Pushed out: Who are cities for?

The rising cost of urban living is a global problem. A movement is growing in the pushback against faceless corporate landlords

There’s a cost crisis playing out in our cities. Sky-high rent and mortgages are causing more cities to be hit by the ‘doughnut effect’: the inner-city population thinning out as people move to suburban rings where living is more affordable. It’s a phenomenon seen in places like Paris – declared one of the three most expensive cities in the world this year alongside Hong Kong and Singapore – where the unaffordable cost of living played a part in a violent clash between protesters and police recently.

But experts won’t call it gentrification.


In total, more than 92,000 people have sold The Big Issue since 1991 to help themselves work their way out of poverty – more than could fit into Wembley Stadium.

Look instead to a growing breed of faceless landlords: globe-spanning hedge funds and private equity firms that are mining cities for cash under the guise of property management. These massive global companies are buying up homes and renting them out for prices only the elite could afford. Others invest in property as assets, leaving them empty for years while the worse-off are forced to sleep on the streets below.

Fredrik Gertten was so concerned about the crippling combination of soaring rents and stagnating wages that he made a film about it. He directed Push, a film that follows UN Special Rapporteur for adequate housing Leilani Farha on her journey around the world to explore the escalating costs of city dwelling.

Gertten rents a council-owned flat in Malmö, Sweden. “A lot of what these firms are dealing with is pension-fund money,” he tells The Big Issue. “They’re looking for returns.”

A study of US cities proved that families on lower incomes were moving away at a much higher frequency than those who earned more – about half were forced out at some point – but mid-earning households were affected too. “The patterns can be found everywhere,” Gertten says. “Look to Chile, Canada, South Korea, then look at your own city.

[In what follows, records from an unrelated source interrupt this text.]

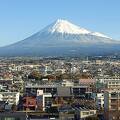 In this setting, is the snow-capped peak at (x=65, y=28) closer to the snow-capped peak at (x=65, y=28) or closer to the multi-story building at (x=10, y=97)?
the snow-capped peak at (x=65, y=28)

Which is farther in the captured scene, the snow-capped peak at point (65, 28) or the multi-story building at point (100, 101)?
the snow-capped peak at point (65, 28)

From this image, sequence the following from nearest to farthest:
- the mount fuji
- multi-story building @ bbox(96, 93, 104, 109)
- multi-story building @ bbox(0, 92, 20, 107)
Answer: multi-story building @ bbox(96, 93, 104, 109), multi-story building @ bbox(0, 92, 20, 107), the mount fuji

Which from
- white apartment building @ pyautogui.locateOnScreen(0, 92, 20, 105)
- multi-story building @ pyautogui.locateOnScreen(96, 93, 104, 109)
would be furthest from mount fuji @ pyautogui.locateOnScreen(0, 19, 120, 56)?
multi-story building @ pyautogui.locateOnScreen(96, 93, 104, 109)

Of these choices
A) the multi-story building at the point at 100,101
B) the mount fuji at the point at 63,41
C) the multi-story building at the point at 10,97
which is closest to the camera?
the multi-story building at the point at 100,101

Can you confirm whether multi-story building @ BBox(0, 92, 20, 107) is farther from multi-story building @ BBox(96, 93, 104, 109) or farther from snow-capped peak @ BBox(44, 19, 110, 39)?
snow-capped peak @ BBox(44, 19, 110, 39)

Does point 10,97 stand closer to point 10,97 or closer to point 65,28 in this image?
point 10,97

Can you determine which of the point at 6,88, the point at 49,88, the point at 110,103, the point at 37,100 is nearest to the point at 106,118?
the point at 110,103

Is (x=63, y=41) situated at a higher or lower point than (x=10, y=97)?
higher

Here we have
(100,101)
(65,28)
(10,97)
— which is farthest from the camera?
(65,28)

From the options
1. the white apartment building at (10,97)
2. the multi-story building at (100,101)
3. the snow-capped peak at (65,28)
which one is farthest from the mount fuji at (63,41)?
the multi-story building at (100,101)

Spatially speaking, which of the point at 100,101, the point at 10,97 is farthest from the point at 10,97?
the point at 100,101

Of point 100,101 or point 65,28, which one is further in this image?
point 65,28

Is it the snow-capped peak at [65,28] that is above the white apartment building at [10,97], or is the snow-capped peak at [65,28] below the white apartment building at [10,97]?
above
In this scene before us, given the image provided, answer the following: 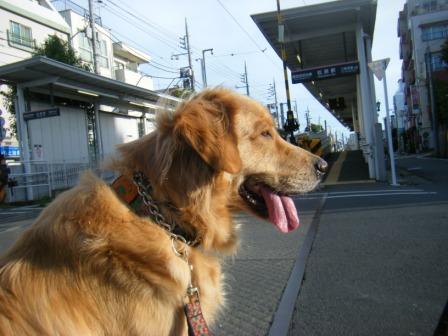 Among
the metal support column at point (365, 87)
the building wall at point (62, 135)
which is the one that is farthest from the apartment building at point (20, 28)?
the metal support column at point (365, 87)

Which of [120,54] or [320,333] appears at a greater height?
[120,54]

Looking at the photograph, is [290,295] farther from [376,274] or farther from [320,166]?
[320,166]

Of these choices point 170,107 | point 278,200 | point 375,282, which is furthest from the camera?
point 375,282

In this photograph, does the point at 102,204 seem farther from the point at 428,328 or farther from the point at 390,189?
the point at 390,189

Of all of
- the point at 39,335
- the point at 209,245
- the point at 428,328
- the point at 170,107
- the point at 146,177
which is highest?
the point at 170,107

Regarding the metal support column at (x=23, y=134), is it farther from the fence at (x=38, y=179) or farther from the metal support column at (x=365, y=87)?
the metal support column at (x=365, y=87)

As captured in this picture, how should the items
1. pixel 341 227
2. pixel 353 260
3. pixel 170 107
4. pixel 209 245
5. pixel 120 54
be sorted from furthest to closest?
pixel 120 54
pixel 341 227
pixel 353 260
pixel 170 107
pixel 209 245

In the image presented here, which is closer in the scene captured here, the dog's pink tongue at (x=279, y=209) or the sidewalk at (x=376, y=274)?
the dog's pink tongue at (x=279, y=209)

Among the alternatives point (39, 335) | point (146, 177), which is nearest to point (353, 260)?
point (146, 177)

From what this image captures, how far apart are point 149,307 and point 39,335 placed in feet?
1.48

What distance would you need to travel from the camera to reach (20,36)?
3077 centimetres

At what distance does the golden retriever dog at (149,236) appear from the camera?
1803 mm

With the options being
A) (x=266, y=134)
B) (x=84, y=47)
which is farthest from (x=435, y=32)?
(x=266, y=134)

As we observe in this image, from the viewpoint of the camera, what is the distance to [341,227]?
709 centimetres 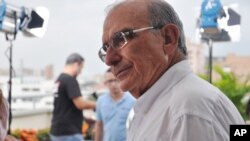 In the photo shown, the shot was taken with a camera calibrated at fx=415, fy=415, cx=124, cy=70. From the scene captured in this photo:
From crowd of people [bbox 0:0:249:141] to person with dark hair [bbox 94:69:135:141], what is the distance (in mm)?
1467

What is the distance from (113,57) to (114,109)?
1.64m

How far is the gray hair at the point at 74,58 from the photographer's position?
3005mm

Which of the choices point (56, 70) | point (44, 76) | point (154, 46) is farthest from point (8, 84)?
point (154, 46)

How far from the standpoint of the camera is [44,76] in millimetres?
3785

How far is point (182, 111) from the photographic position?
711 millimetres

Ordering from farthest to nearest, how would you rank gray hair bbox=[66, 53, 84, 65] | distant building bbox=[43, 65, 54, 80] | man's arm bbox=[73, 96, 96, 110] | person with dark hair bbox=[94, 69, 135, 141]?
distant building bbox=[43, 65, 54, 80] → gray hair bbox=[66, 53, 84, 65] → man's arm bbox=[73, 96, 96, 110] → person with dark hair bbox=[94, 69, 135, 141]

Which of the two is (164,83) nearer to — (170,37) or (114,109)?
(170,37)

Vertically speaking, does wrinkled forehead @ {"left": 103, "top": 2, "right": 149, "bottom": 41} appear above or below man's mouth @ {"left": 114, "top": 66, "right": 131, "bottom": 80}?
above

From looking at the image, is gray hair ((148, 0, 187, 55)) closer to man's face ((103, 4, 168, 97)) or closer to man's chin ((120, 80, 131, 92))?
man's face ((103, 4, 168, 97))

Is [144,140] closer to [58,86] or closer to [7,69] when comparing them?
[7,69]

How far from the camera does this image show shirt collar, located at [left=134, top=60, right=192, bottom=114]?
2.67ft

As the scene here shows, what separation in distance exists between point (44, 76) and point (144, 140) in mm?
3088

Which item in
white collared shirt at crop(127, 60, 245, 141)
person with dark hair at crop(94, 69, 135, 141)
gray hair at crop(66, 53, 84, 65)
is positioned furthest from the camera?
gray hair at crop(66, 53, 84, 65)

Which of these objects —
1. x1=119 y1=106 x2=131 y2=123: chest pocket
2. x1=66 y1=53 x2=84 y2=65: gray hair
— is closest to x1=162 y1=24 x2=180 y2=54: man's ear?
x1=119 y1=106 x2=131 y2=123: chest pocket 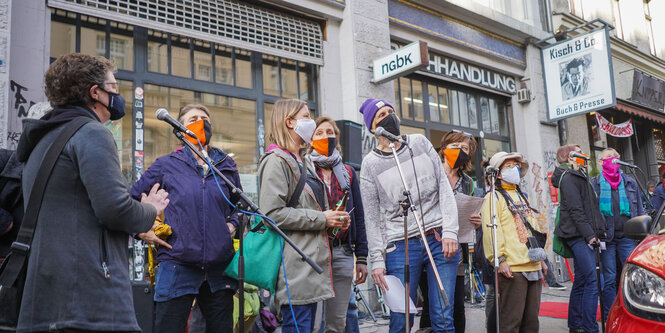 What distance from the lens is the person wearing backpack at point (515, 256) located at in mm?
4344

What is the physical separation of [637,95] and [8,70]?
14690 millimetres

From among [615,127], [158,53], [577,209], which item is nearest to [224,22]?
[158,53]

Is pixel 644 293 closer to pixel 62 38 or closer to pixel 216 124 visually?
pixel 216 124

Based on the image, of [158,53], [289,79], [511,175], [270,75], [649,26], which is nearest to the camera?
[511,175]

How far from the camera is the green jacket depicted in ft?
9.82

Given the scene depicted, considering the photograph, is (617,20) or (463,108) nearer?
(463,108)

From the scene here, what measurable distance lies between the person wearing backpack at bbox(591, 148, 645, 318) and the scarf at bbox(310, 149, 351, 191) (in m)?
3.74

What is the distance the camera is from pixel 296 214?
3.05 m

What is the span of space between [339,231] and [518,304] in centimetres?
185

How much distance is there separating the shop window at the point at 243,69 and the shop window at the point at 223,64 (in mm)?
107

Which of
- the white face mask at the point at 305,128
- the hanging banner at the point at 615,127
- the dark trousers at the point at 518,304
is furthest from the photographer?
the hanging banner at the point at 615,127

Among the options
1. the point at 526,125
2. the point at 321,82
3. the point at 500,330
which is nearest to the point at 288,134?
the point at 500,330

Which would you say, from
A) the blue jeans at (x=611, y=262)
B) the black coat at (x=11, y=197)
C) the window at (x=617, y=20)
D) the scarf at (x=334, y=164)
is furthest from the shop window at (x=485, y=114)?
the black coat at (x=11, y=197)

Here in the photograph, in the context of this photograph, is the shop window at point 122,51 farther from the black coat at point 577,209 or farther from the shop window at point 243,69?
the black coat at point 577,209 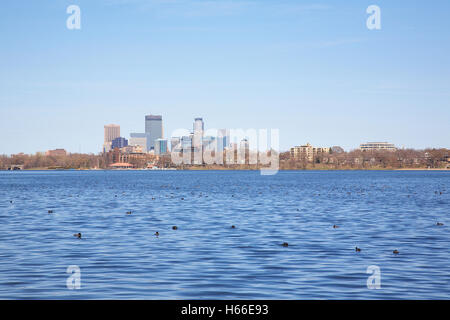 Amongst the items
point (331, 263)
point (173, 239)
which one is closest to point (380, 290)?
point (331, 263)

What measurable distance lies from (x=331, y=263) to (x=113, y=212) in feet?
86.9

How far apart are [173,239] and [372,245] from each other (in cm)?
952

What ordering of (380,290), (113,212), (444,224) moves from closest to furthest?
(380,290)
(444,224)
(113,212)

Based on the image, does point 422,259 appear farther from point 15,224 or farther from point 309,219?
point 15,224

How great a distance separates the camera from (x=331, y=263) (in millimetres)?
19438

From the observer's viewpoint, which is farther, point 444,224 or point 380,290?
point 444,224

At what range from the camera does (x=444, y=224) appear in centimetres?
→ 3278

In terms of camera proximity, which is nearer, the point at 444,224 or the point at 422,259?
the point at 422,259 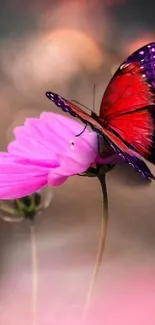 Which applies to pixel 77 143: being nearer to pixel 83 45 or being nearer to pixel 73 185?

You’ll see the same problems.” When researchers looked at how many high-income households were moving away from their cities, it was a different story – in San Jose, for example, it was less than half of what researchers expected.

In London, flats and townhouses are sold to international investors before lying empty (government figures showed 22,481 empty homes, worth £10.7bn, in the capital earlier this year.

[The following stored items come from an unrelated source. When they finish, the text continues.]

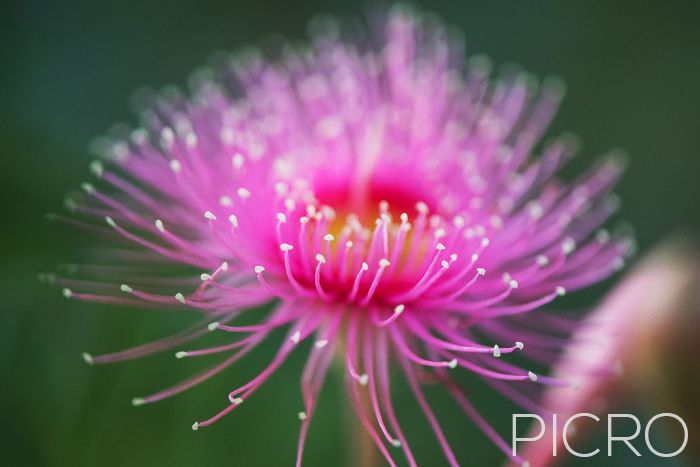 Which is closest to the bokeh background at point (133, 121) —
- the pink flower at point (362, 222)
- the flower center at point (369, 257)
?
the pink flower at point (362, 222)

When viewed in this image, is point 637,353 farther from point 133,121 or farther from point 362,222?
point 133,121

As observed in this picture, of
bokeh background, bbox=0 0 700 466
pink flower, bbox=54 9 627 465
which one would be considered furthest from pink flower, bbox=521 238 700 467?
bokeh background, bbox=0 0 700 466

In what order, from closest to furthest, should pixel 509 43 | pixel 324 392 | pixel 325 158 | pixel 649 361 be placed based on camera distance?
pixel 649 361 < pixel 325 158 < pixel 324 392 < pixel 509 43

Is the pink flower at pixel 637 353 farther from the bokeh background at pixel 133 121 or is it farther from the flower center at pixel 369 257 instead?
the bokeh background at pixel 133 121

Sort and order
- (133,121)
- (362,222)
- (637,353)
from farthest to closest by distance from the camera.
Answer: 1. (133,121)
2. (362,222)
3. (637,353)

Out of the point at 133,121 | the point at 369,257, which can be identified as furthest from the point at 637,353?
the point at 133,121

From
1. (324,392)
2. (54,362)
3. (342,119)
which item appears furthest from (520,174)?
(54,362)

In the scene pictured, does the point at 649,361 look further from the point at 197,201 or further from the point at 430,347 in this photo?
the point at 197,201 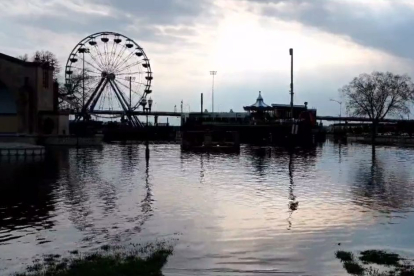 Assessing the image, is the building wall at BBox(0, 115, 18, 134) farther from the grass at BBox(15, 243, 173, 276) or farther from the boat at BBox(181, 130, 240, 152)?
the grass at BBox(15, 243, 173, 276)

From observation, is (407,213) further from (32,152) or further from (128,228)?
(32,152)

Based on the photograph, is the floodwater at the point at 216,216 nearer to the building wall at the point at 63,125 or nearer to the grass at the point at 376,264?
the grass at the point at 376,264

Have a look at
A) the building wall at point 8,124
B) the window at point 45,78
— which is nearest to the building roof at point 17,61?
the window at point 45,78

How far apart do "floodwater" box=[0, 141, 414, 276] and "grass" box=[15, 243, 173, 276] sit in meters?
0.33

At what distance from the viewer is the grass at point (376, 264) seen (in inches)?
406

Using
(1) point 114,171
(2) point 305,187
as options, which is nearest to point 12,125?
(1) point 114,171

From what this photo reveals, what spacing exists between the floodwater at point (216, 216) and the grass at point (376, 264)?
0.89 feet

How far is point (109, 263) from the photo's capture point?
10969 mm

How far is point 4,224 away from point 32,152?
107 ft

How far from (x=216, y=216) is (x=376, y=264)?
7.42m

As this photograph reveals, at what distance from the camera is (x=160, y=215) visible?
59.4 ft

A stone’s throw from Buckingham Palace, a group of London squatters calling themselves Occupy Belgravia has taken over a £25m house left empty by its owner. And in Push, one expert stands in the middle of a residential street in Kensington, waiting for a car to appear. None do. It’s because no one lives here, he says.

New York private equity firm Blackstone is one of the companies accused of draining the housing market. Corporations swooped after the 2008 financial crash and bought up properties that had suddenly become cheaply available – mostly family homes. Blackstone entered Sweden in 2014 and within four years was the biggest private owner of affordable housing in the country.

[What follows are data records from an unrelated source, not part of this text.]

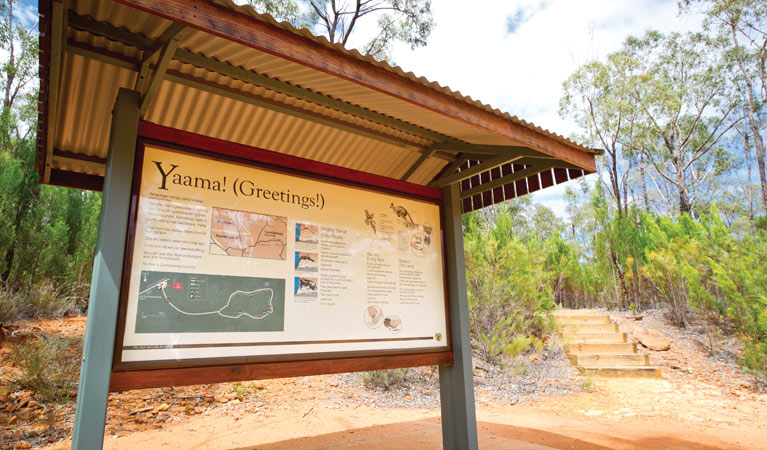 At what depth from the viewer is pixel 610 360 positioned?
8.62 meters

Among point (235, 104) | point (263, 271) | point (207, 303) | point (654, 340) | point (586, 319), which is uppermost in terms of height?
point (235, 104)

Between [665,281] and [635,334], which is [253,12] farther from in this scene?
[665,281]

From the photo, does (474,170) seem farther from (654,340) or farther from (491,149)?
(654,340)

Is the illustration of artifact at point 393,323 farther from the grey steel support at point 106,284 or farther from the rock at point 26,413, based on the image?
the rock at point 26,413

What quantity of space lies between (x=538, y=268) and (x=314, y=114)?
22.5 feet

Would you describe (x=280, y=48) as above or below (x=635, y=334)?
above

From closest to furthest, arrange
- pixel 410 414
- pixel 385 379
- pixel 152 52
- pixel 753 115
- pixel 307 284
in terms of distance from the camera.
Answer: pixel 152 52 < pixel 307 284 < pixel 410 414 < pixel 385 379 < pixel 753 115

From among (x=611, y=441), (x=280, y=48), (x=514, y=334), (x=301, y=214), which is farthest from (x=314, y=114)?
(x=514, y=334)

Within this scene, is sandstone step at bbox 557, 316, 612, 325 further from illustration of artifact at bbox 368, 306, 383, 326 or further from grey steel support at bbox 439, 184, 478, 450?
illustration of artifact at bbox 368, 306, 383, 326

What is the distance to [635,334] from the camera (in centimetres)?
993

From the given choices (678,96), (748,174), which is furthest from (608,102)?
(748,174)

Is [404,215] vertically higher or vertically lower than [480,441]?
higher

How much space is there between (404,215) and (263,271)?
1456 millimetres

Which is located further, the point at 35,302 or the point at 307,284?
the point at 35,302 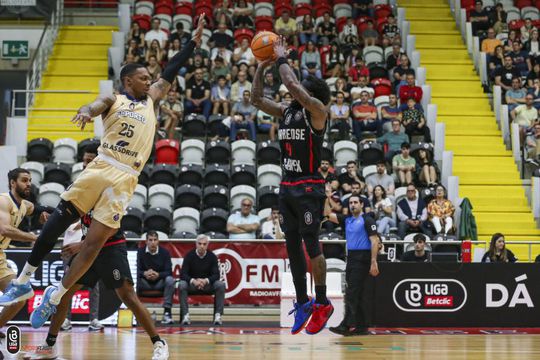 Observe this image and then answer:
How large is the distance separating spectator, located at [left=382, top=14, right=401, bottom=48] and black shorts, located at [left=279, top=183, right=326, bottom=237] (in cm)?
1575

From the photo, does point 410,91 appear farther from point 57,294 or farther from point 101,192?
point 57,294

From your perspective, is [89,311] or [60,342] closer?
[60,342]

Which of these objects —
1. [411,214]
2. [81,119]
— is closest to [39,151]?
[411,214]

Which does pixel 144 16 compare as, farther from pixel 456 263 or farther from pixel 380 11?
pixel 456 263

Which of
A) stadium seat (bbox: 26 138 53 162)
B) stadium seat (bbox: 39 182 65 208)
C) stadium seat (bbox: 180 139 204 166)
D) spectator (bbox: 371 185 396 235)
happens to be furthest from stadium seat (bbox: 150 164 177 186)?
spectator (bbox: 371 185 396 235)

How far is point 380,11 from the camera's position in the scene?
25672 millimetres

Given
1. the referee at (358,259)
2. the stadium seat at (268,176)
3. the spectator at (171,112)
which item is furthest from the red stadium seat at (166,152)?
the referee at (358,259)

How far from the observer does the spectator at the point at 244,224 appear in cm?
1762

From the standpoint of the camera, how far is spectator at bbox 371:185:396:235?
17.9 m

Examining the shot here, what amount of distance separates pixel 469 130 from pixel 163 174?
7.84 meters

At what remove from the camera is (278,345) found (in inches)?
471

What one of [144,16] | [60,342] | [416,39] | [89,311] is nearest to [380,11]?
[416,39]

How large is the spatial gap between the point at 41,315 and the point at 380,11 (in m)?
18.7

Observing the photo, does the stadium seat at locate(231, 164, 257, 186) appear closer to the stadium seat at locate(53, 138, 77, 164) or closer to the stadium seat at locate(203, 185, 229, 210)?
the stadium seat at locate(203, 185, 229, 210) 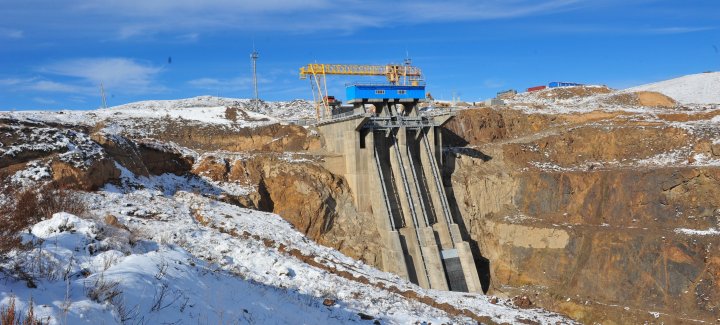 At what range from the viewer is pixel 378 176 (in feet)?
124

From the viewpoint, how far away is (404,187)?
3803cm

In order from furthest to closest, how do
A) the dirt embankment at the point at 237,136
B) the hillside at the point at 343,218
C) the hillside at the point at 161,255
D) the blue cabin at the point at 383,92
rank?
the dirt embankment at the point at 237,136, the blue cabin at the point at 383,92, the hillside at the point at 343,218, the hillside at the point at 161,255

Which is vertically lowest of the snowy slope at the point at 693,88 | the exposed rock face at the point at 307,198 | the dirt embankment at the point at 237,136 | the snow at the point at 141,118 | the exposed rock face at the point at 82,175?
the exposed rock face at the point at 307,198

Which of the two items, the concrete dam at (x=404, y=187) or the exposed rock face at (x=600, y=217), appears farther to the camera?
the concrete dam at (x=404, y=187)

Last week the Danish housing minister Kaare Dybvad said Blackstone was taking advantage of legislative loopholes to push their “unsustainable” rental practices – and promised tougher laws to fight it. Gertten adds: “It’s like mining. They dig a hole, they take all the wealth they can and then they move on.”

The undoing of the modern city extends beyond housing. Last year, Network Rail sold thousands of railway arches to Blackstone Property Partners, despite a Big Issue-backed campaign called Guardians of the Arches, which sought to fend off monopolist landlords. Mechanics, hairdressers, cafe owners, metal-shop workers, artists and distillers that occupied the railway property had already been fighting back against unfair rent hikes by Network Rail. The businesses had brought life to run-down areas for many years and were worried new landlords would evict them or push up rent even further. Campaigners have since set up a commercial tenants’ association to fight similar issues right across the UK.

A Blackstone spokesperson said: “Blackstone agrees that there is chronic under-supply and under-investment in housing in several major cities in Europe. We hope to be a part of the solution in helping to address these issues, providing significant long-term capital and expertise to the sector, increasing the supply of high-quality rental housing and seeking to deliver a high standard of service to our residents. In so doing, we are also spurring local economic growth and creating local jobs.

“We have always operated within the existing regulatory frameworks where, in many of the markets you talk about, all leases are and will remain indefinite for all existing tenants.”

Gertten reckons we need a worldwide, multi-sectoral movement to stop the international housing crisis in its tracks. “A shift to seeing housing as a human right, not a commodity” – it’s clarion call to stop cities becoming playgrounds for the rich with locals left at the mercy of powerful financial actors.